Problem:
Your answer must be the lines from the start of the records through the line with "Natural Amethyst Women's", exactly as written, without the pictures.

(Scraped caption text data)
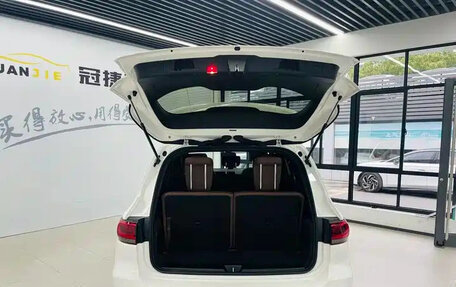 Mercedes-Benz GLB, 2023 год, 2 542 000 рублей, 3 фотография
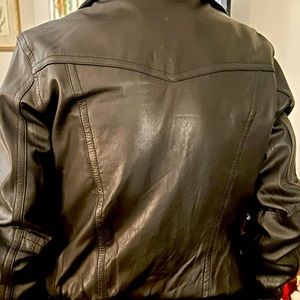Woman’s leatherjacket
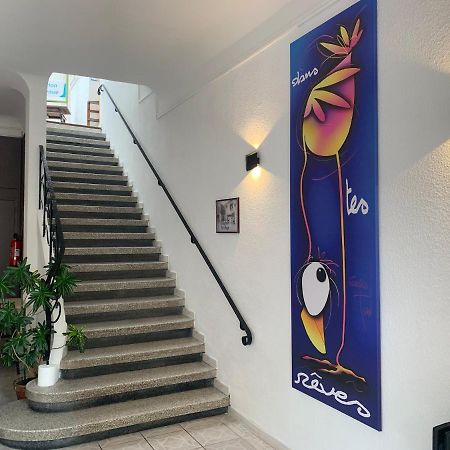 Hotel Le Centre Le Boulou Bagian luar foto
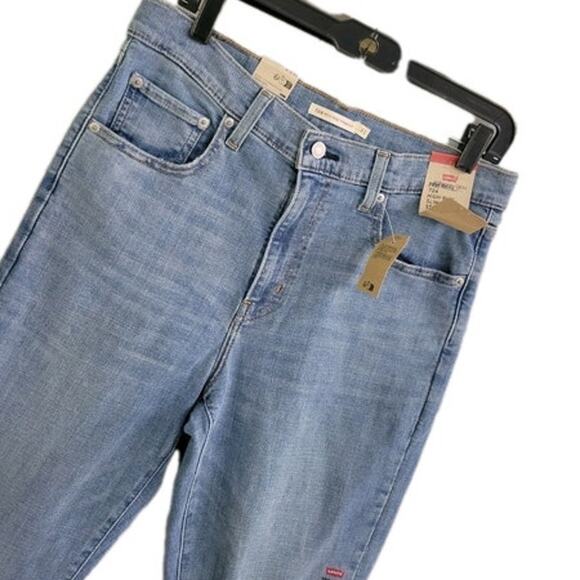 Levi's 724 High Rise Straight‎ Jeans Women's Size 31 x 32 Blue Denim Distressing - Picture 5 of 10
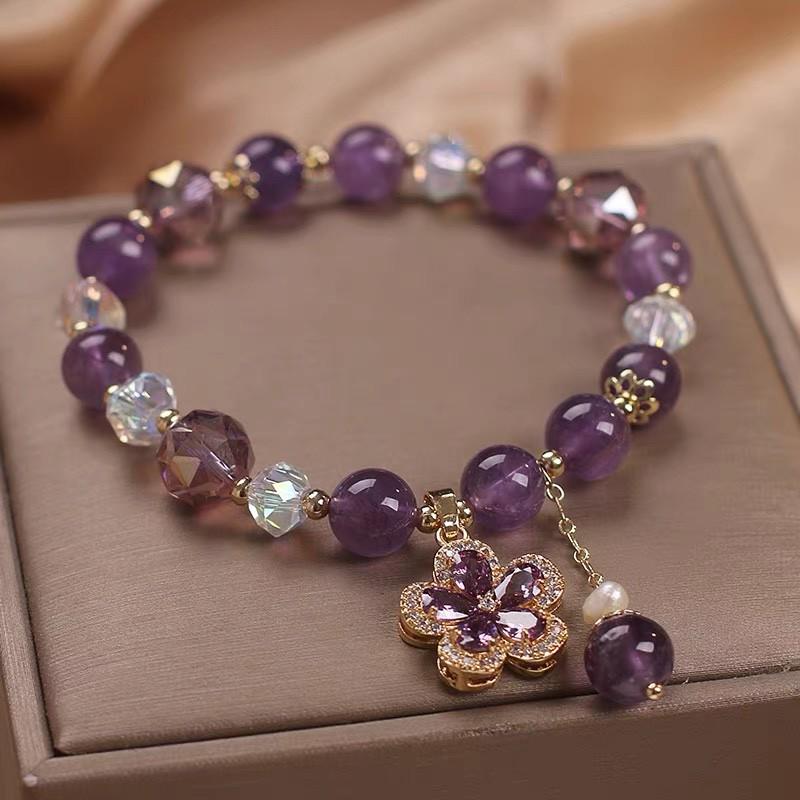 Natural Amethyst Women's Bracelet with Four-Leaf Clover Pendant - Elegant Purple Crystal Jewelry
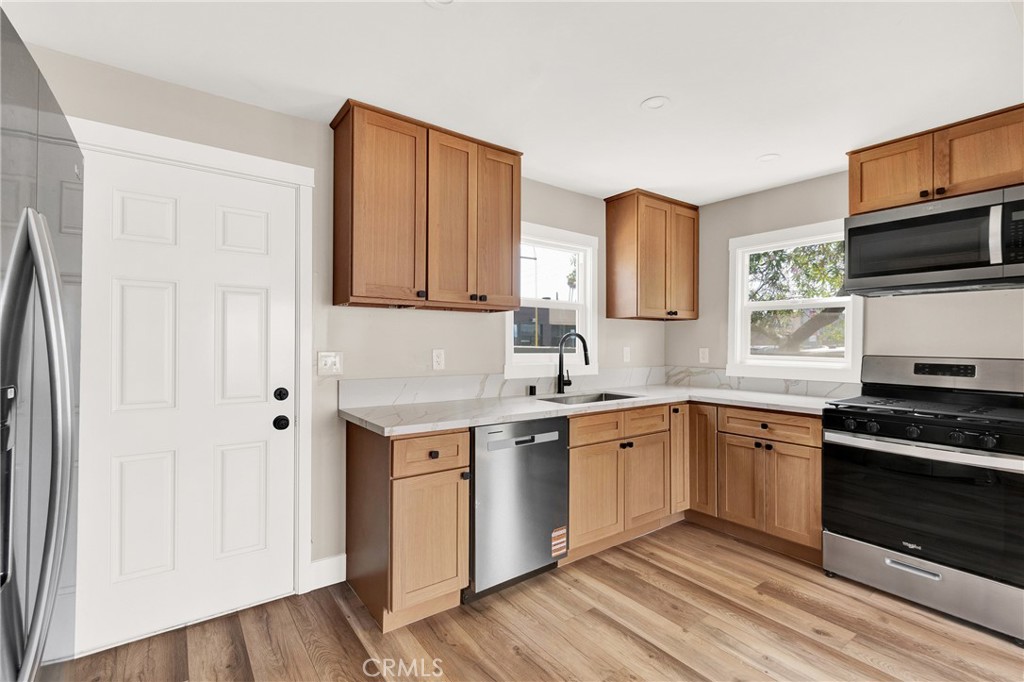 11433 Stewart Street Property Photo 2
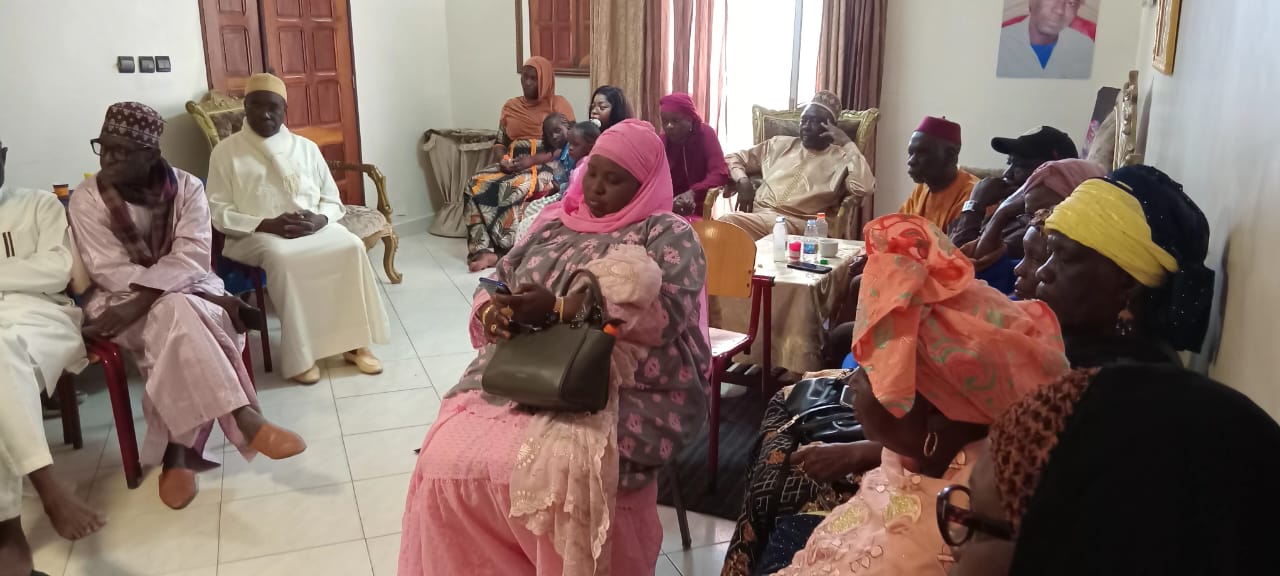 DAKAR/LES ANCIENS MAÎTRES DE L’ÉCOLE MAME WASSOUR SECK DE GRAND MBAO SE RETROUVENT  ENCORE UNE FOIS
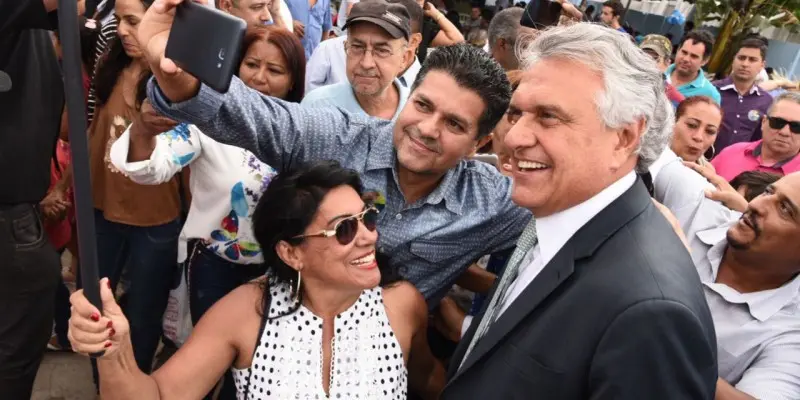 A reunião ocorreu no Parque Anhanguera 2 e reuniu centenas de pessoas, que aplaudiram o discurso do senador a favor do combate à corrupção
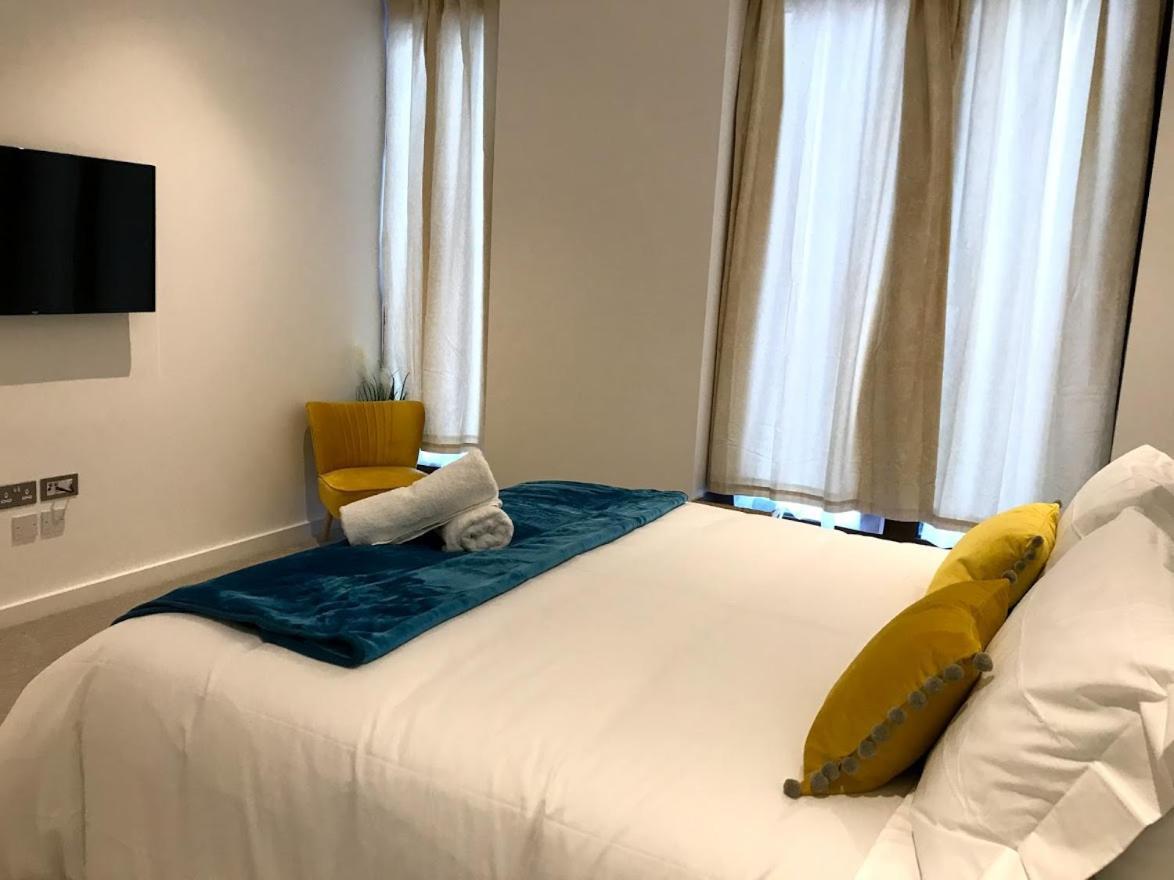 Maplewood Luxurious One-Bed Flat With Free Parking Hotell St Albans Exteriör bild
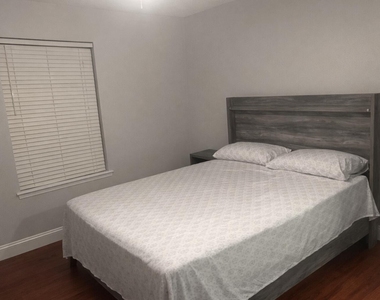 2256 Sw Franklin Street - Photo Thumbnail 10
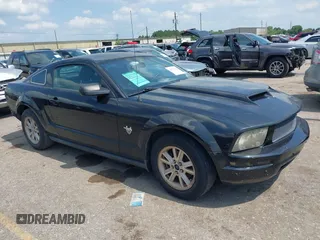 2009 Ford Mustang with VIN 1ZVHT80N195106555, listed as a IAAI auction lot 42374620 with 164,639 mi miles and . Bid and sale history available at DreamBid. Image 1.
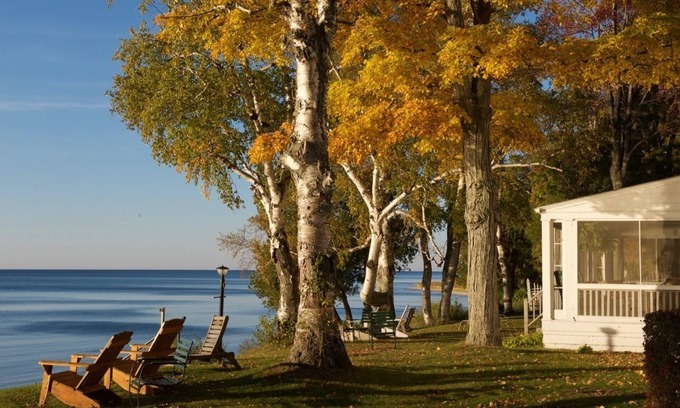 Lake Leelanau Apartment | JOLLI-LODGE~Beach Resort in Leland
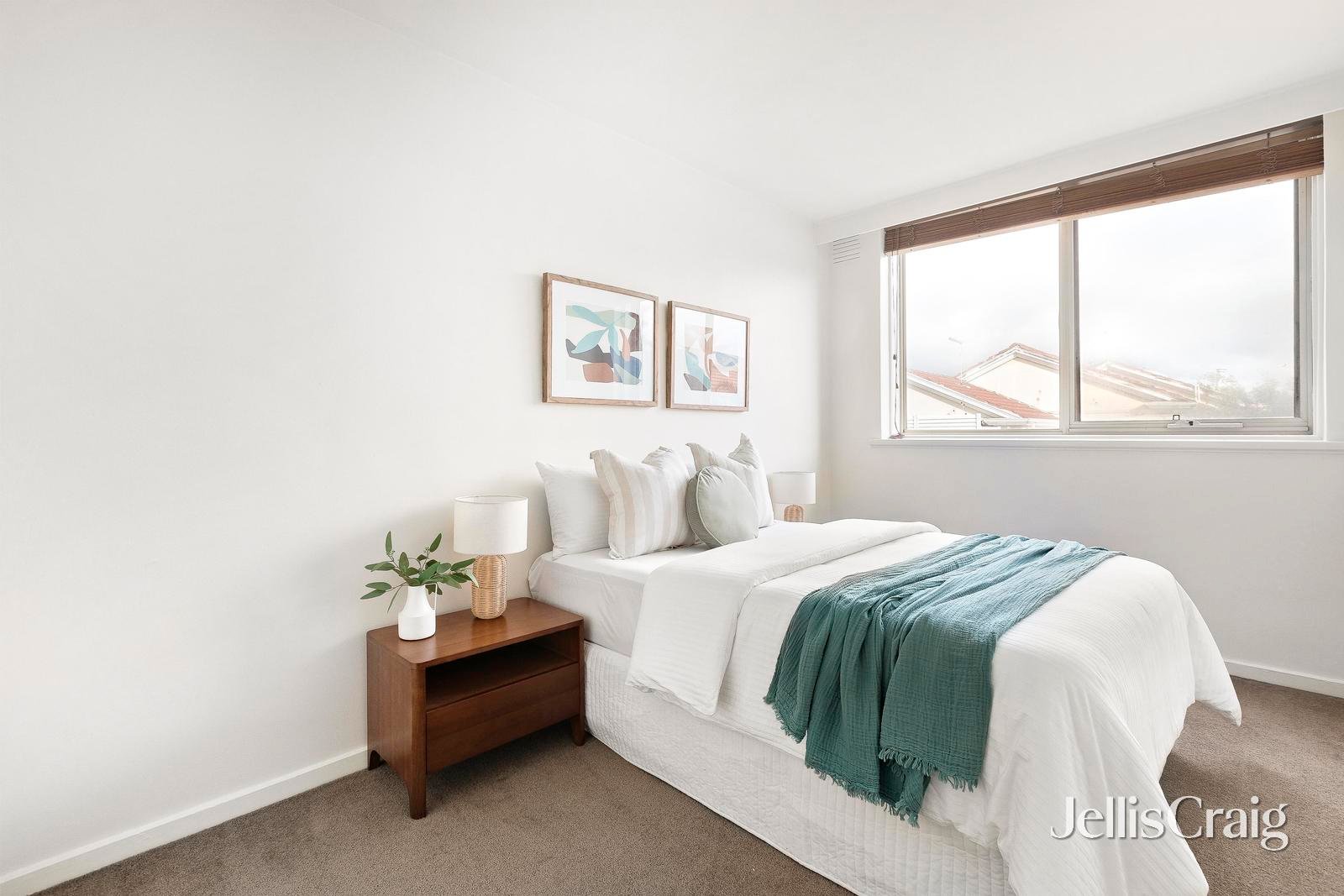 4/82 Dickens Street, Elwood image 8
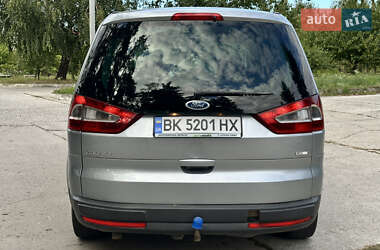 Минивэн Ford Galaxy 2006 в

Completed task:
 Mercedes-Benz GLB, 2023 год, 2 542 000 рублей, 3 фотография
Woman’s leatherjacket
 Hotel Le Centre Le Boulou Bagian luar foto
 Levi's 724 High Rise Straight‎ Jeans Women's Size 31 x 32 Blue Denim Distressing - Picture 5 of 10
 Natural Amethyst Women's Bracelet with Four-Leaf Clover Pendant - Elegant Purple Crystal Jewelry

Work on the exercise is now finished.